Why are some of us more reluctant to take risk than others? Why are older people more averse to risk than younger ones? A new theory helps explain why - and much more.
For years, economists have been unhappy with the conventional textbook theory of risk aversion. This says that we have diminishing marginal utility of wealth: each extra pound brings us less satisfaction than the previous one. Because of this, we discount potential winnings and so refuse to take some bets even if they have positive expected pay-offs.
Sadly, however, as Matthew Rabin and Richard Thaler pointed out back in 2001, this theory is "not plausible". They show that it implies that a man who'd reject a 50-50 chance of losing £10 or winning £11 would also reject a 50-50 chance of losing £100 or winning an infinite amount of money: this is because if we discount one extra pound, we'll discount subsequent ones even more. But this is daft.
In a recent paper, however, economists at Columbia University have come up with a more sensible theory.
To see it, ask yourself: how much would I pay for a 50-50 chance of winning nothing or £100? The expected gain here is obviously £50, but risk averse people would pay less than this. How much less?
The answer depends on how we interpret (or code) the £100 and the stake. We imagine how we'd feel about that extra £100, and how we'd feel if we lost the stake money.

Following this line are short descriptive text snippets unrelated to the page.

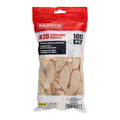 Hardwood Biscuits 100-Pack H2452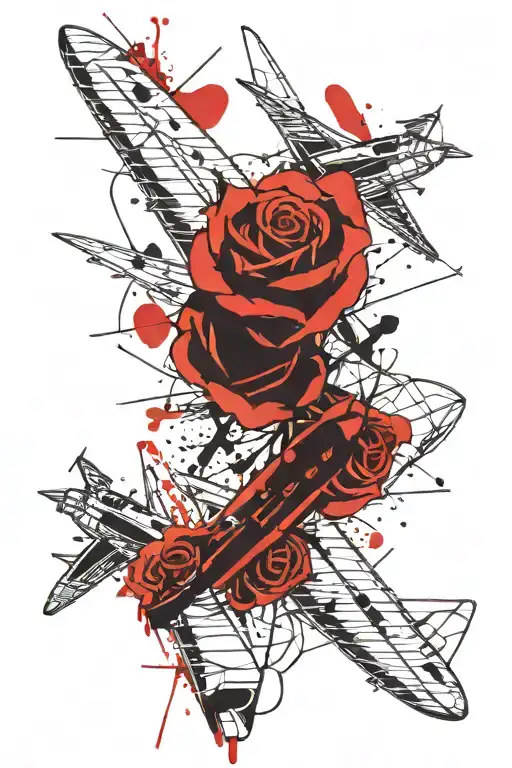 Airplane Rose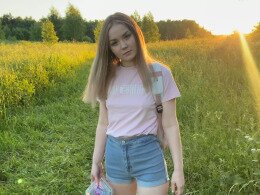 Teen fucked hard outdoors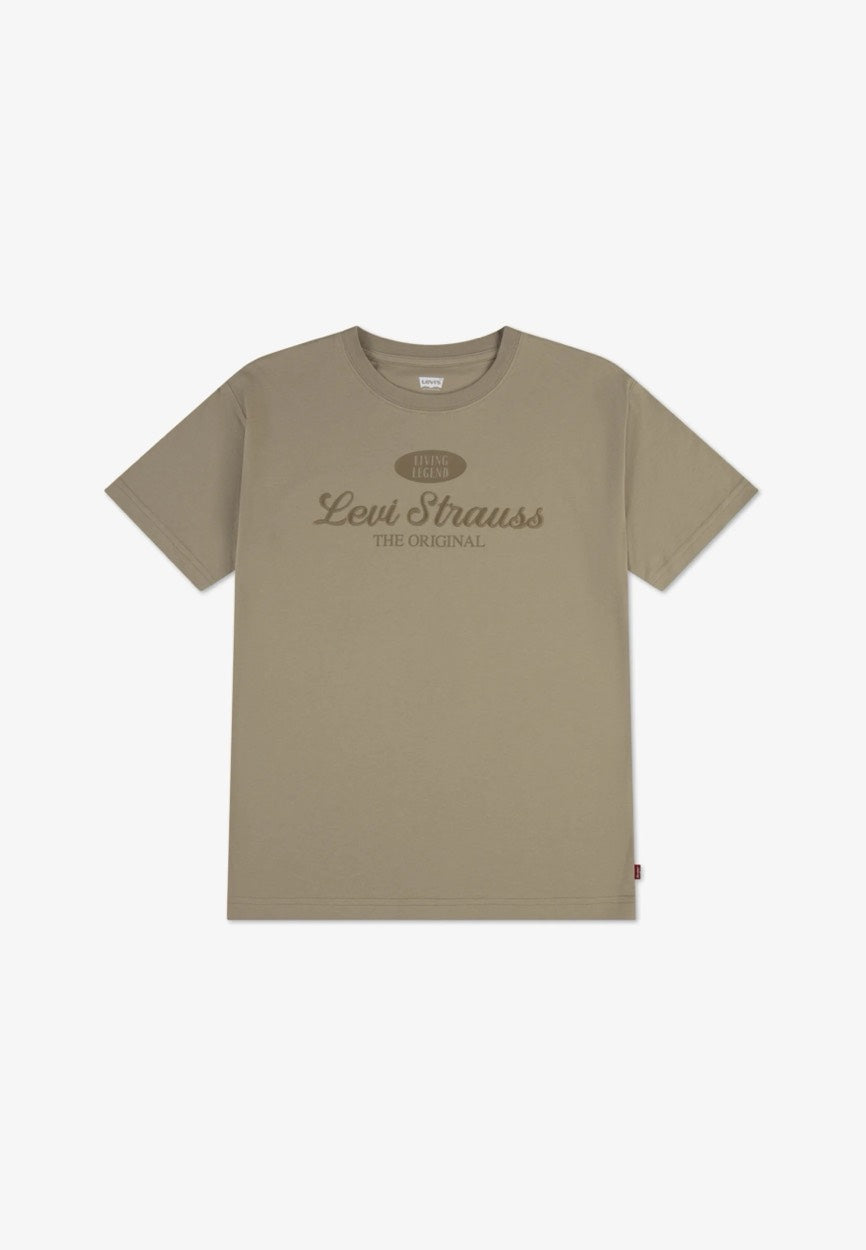 Levi's boys P637 t-shirt beige – jongens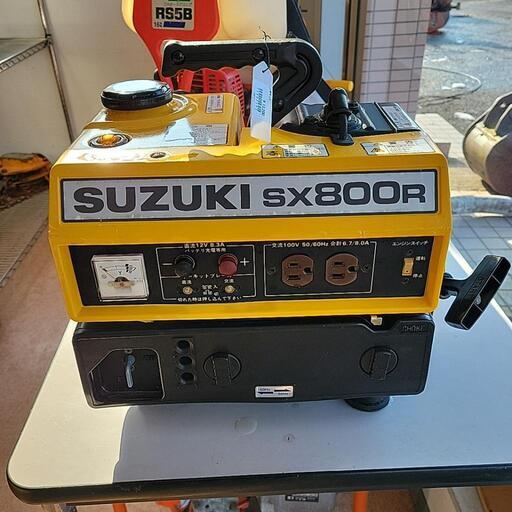 スズキ　発電機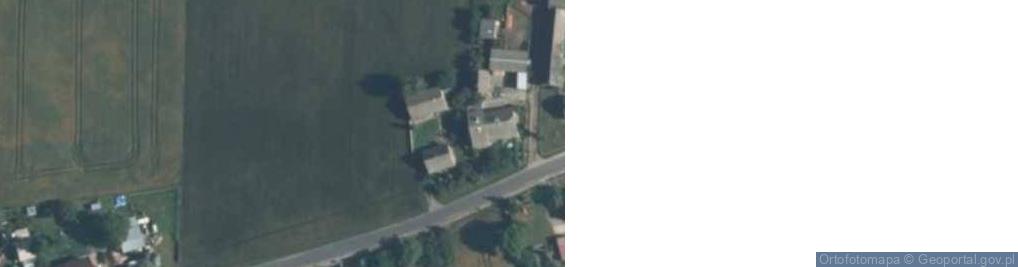 Zdjęcie satelitarne OSP w Skarlinie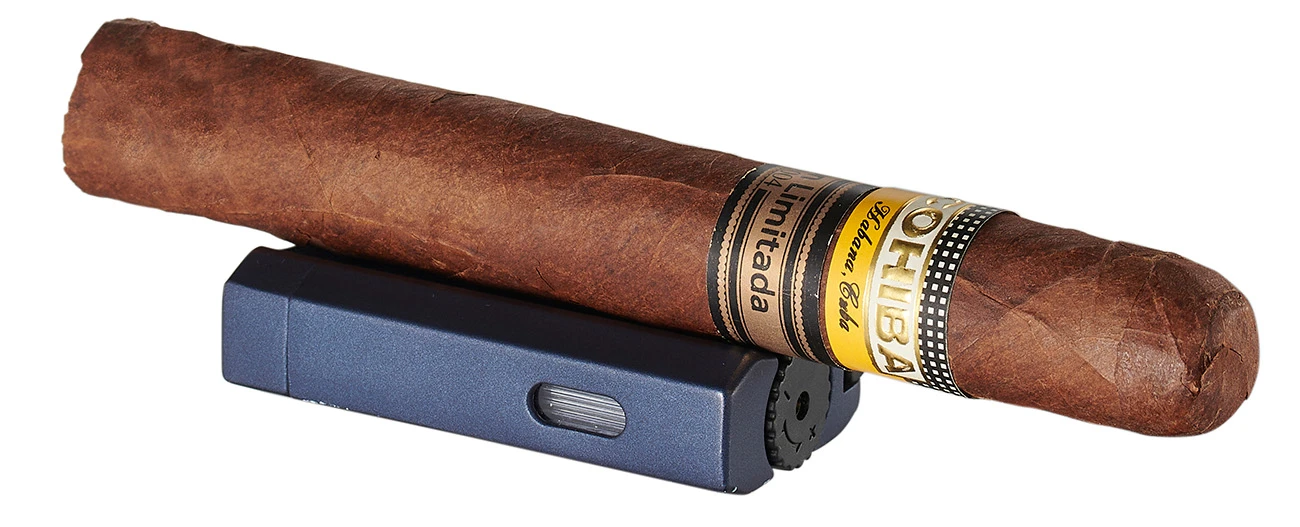 Visol Concave Double Flame Torch Lighter - Indigo Blue Visol Concave Double Flame Torch Lighter - Indigo Blue -Cigar Store visol concave double flame torch lighter indigo blue 83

This coding, however, is imprecise, or noisy. We can't say for sure exactly how we'd feel about winning £100 or losing our stake. And the natural response to uncertainty is to do nothing unless the odds are in our favour. The noisier is the coding, the more risk-averse we'll be.
This might seem simple - although the Columbia economists wrap it up in fancy maths, as is required by academic convention. But it explains a lot.
First, it's consistent with a finding by Shane Frederick that people with greater cognitive abilities tend to be more tolerant of risks with positive expected pay-offs. If cleverer people find it easier to translate prospective monetary pay-offs into feelings (as is plausible) then they'll feel less uncertainty about gambles and so will take more.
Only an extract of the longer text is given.